Setting Up a Simple System
Paying off two loans doesn't require a spreadsheet or financial software. A minimal system:
1. Set minimum payments on autopay for both loans. Never miss a minimum. 2. Pick your target loan (avalanche or snowball). 3. Set up an additional automatic payment to the target loan each month. Even $50 makes a difference. 4. When extra money comes in (tax refund, bonus, gift), apply it to the target loan principal explicitly — call your lender or designate it online, since some lenders apply extra payments to future months rather than current principal. 5. When the first loan is gone, redirect its minimum to the second loan immediately.
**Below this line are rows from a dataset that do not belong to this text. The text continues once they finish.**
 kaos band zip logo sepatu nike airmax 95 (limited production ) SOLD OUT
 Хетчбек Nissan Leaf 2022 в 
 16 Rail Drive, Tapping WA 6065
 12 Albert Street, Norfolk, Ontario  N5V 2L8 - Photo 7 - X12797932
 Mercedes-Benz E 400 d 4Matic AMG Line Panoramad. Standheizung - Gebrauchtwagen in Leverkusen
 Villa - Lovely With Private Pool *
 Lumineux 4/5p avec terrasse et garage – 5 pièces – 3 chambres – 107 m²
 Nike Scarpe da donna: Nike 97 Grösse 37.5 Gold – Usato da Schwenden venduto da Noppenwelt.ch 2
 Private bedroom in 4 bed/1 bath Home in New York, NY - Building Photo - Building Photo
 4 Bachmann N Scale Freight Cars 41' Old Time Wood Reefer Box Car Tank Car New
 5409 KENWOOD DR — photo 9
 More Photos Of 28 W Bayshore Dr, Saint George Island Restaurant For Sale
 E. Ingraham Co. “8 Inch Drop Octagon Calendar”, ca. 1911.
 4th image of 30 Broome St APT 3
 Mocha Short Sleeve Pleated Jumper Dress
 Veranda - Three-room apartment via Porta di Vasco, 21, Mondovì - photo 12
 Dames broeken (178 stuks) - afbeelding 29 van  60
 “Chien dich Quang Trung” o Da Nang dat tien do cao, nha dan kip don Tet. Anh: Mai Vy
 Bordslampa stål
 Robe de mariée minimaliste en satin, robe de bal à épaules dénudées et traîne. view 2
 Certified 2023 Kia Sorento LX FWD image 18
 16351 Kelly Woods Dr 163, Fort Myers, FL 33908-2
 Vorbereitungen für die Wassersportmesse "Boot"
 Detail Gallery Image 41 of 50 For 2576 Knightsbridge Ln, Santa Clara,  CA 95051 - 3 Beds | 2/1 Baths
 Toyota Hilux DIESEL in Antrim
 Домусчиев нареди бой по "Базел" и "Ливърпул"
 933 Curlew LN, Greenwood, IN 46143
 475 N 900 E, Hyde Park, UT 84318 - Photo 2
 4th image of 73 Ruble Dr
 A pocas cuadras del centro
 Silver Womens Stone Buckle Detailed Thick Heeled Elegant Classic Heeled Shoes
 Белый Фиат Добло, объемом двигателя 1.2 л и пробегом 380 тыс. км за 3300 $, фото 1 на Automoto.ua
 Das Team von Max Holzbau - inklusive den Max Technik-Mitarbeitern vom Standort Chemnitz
The Loan Payoff Calculator can show you how much faster you'll be done and how much interest you'll save before you commit to a strategy. Plug in your current loan details and try different extra payment amounts — seeing the numbers often provides the motivation to start.
A Note on Interest Rate Context
The math of debt payoff looks different at different rate environments. At 7–9% interest (common for auto loans and personal loans), aggressively paying off debt is often better than investing the same money in a savings account. At 3–4% (some mortgage rates from recent years), the calculus is closer — market returns might beat the guaranteed return of early loan payoff.
For high-rate debt, the priority is clear: pay it off. For lower-rate debt, the comparison with investment returns is legitimate. But most people carry a mix — some high-rate, some low-rate — and the right starting point is almost always to eliminate the high-rate debt first.